** Material to process follows **
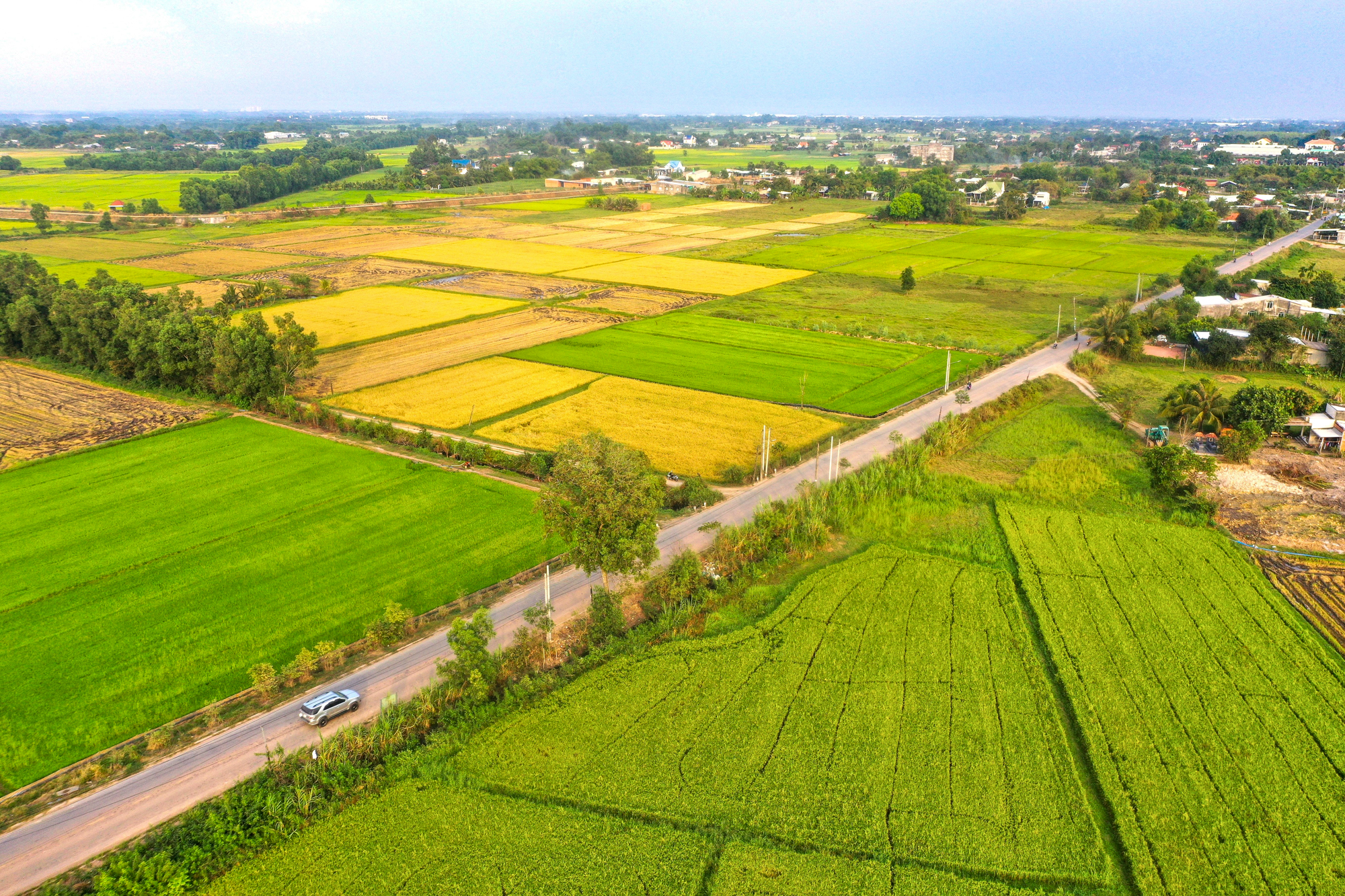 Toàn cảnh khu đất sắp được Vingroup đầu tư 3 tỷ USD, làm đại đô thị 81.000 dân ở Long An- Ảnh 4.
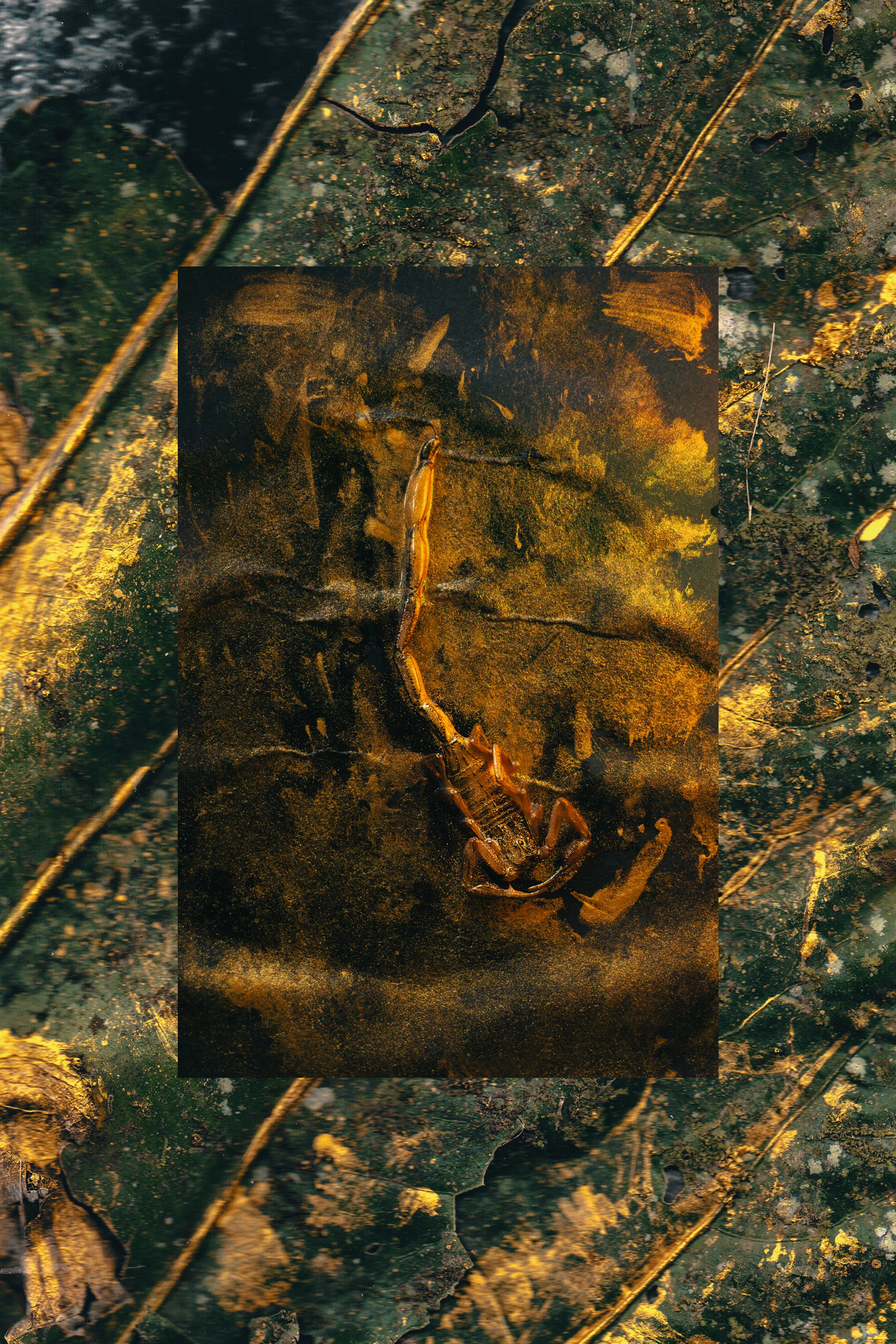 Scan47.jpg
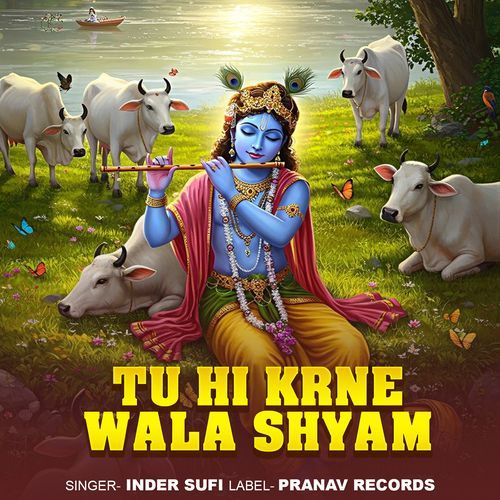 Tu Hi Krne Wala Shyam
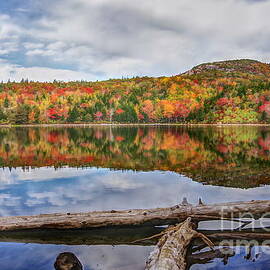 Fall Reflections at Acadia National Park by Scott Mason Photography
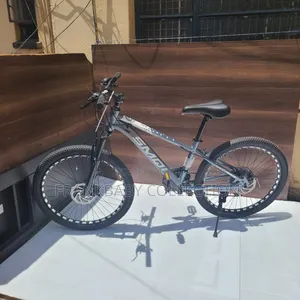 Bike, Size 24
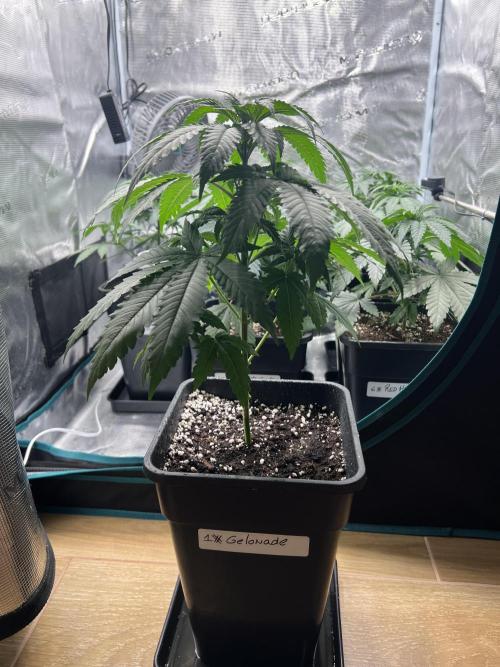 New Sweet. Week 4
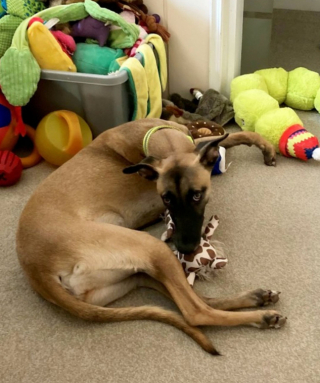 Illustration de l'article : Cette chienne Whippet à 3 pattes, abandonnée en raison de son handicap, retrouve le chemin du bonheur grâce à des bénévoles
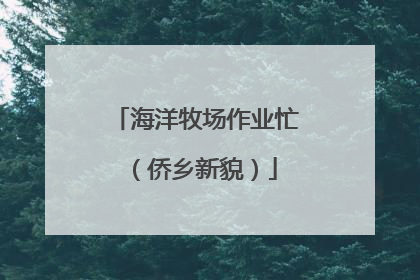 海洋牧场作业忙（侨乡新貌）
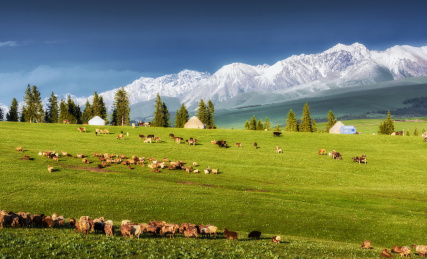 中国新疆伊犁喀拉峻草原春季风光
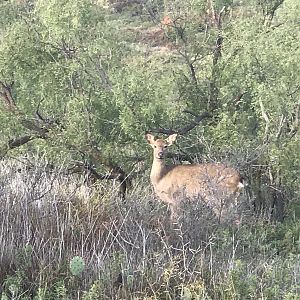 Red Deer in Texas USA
** End of Material to process **
Required action: Using the listing above, set down exactly each line from the one containing "Bike, Size 24" through the final line, and leave out pictures.

Finished task:
 Bike, Size 24
 New Sweet. Week 4
 Illustration de l'article : Cette chienne Whippet à 3 pattes, abandonnée en raison de son handicap, retrouve le chemin du bonheur grâce à des bénévoles
 海洋牧场作业忙（侨乡新貌）
 中国新疆伊犁喀拉峻草原春季风光
 Red Deer in Texas USA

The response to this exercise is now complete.